[Short text fragments from websites]
=-=-=-=-=

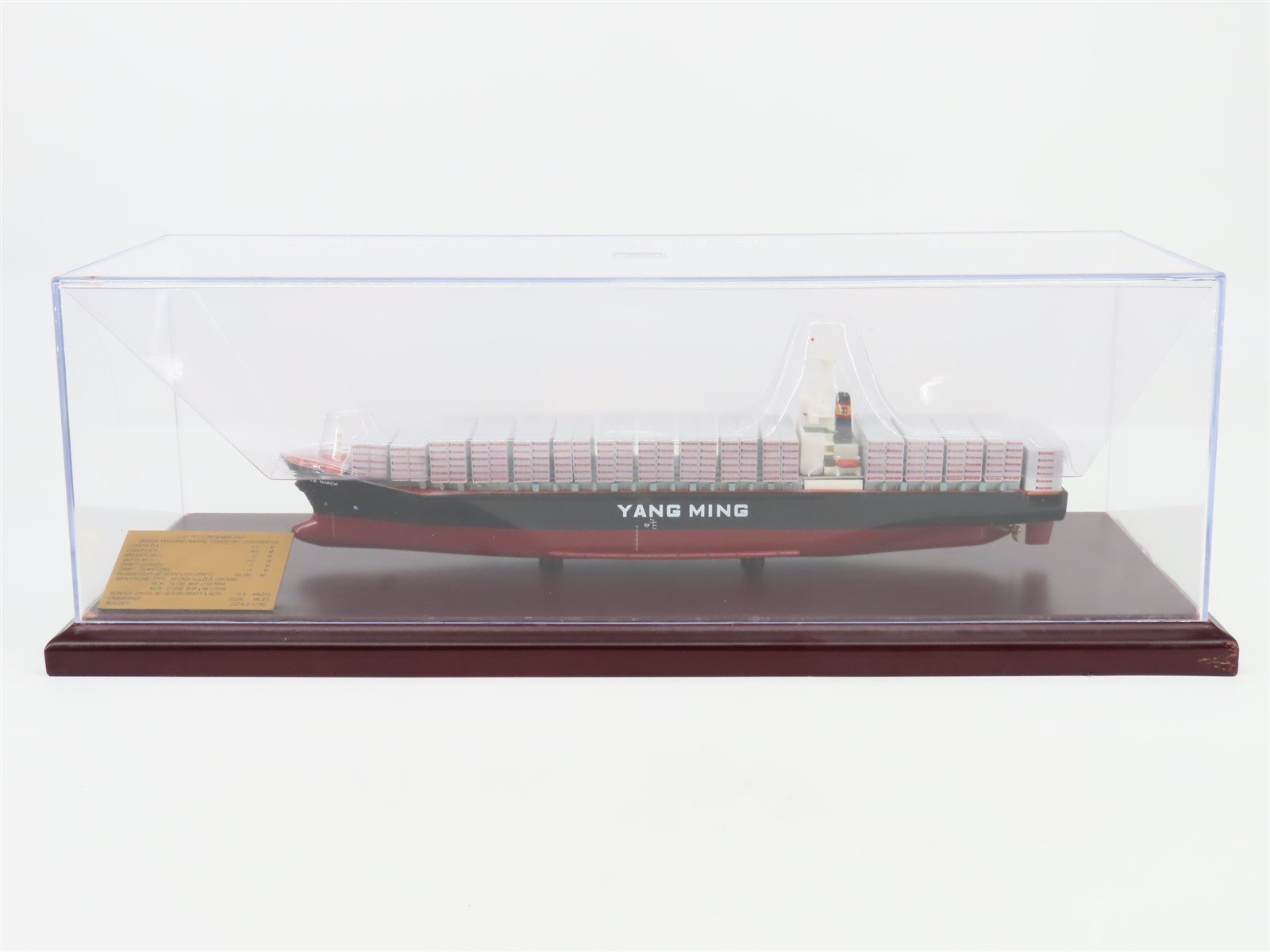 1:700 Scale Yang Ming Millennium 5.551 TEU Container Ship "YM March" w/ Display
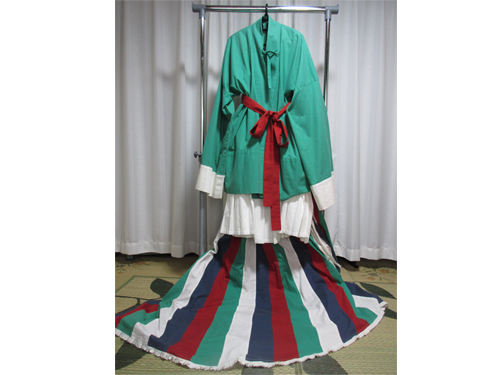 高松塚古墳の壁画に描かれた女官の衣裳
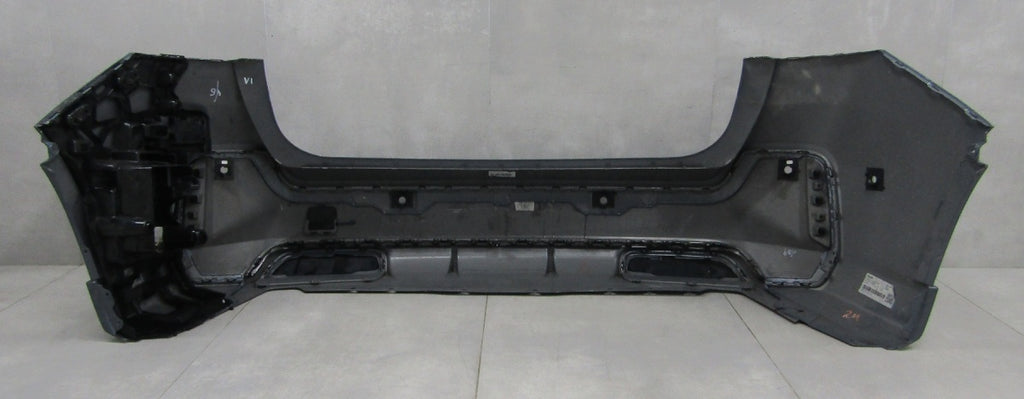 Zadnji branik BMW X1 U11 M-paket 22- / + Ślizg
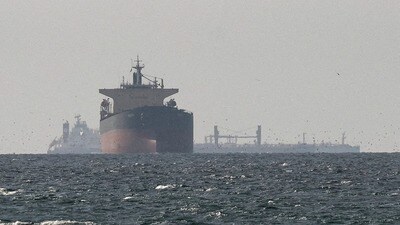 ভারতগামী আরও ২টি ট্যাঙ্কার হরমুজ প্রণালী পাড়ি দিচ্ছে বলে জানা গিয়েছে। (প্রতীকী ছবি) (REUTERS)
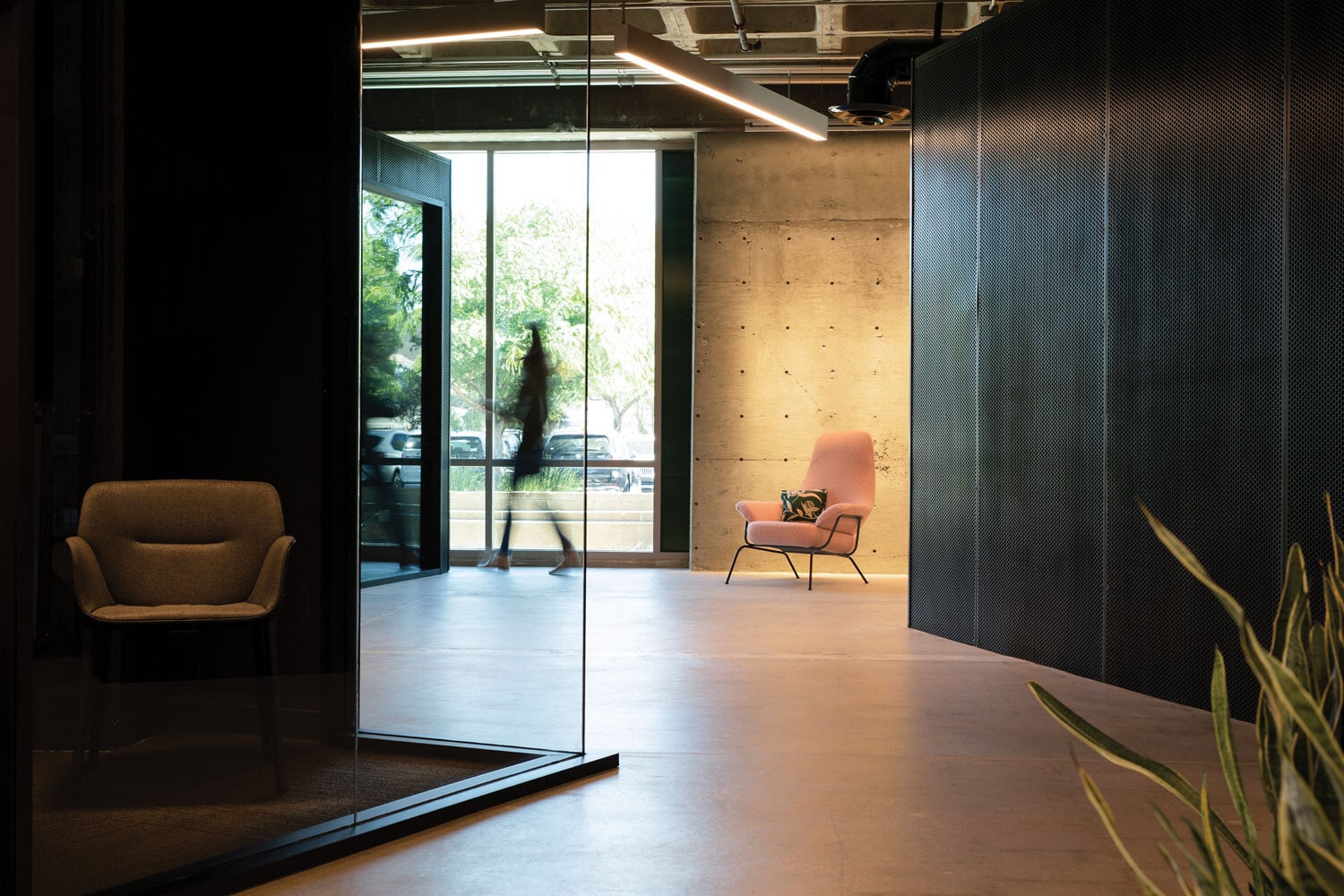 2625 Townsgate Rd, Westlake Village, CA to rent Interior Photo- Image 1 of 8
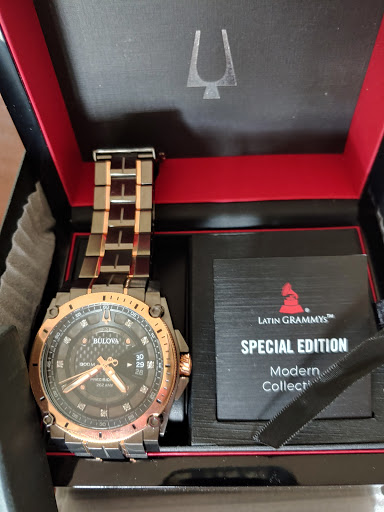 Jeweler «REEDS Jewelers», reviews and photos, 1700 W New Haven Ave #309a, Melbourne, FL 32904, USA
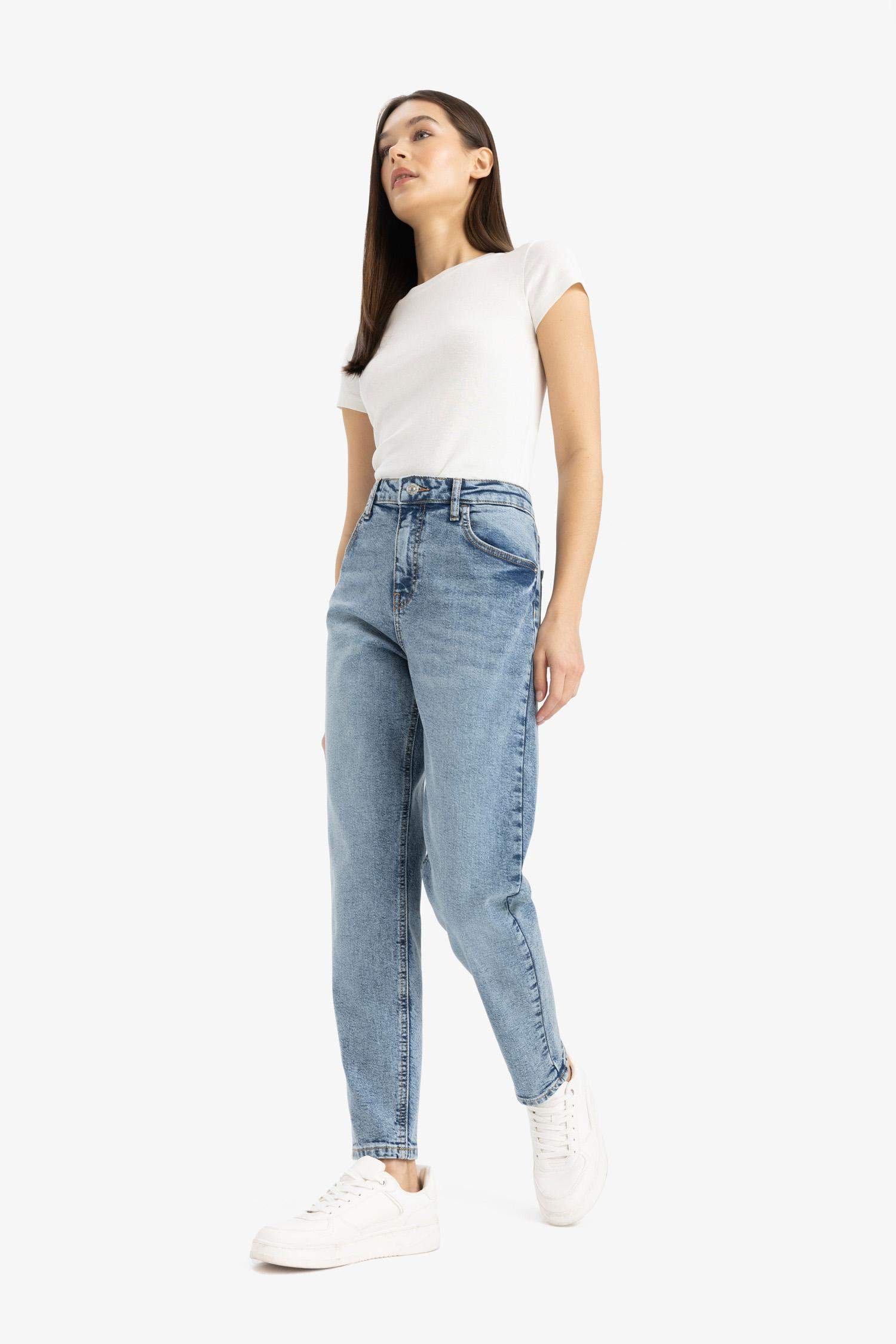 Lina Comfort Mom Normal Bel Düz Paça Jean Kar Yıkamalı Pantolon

=-=-=-=-=

**Task description:**
Every line from the one that holds "FL 32904, USA" to the last line of the records above goes into the answer, exactly as written; nothing else does, and no picture does either.

**Task result:**
 Jeweler «REEDS Jewelers», reviews and photos, 1700 W New Haven Ave #309a, Melbourne, FL 32904, USA
 Lina Comfort Mom Normal Bel Düz Paça Jean Kar Yıkamalı Pantolon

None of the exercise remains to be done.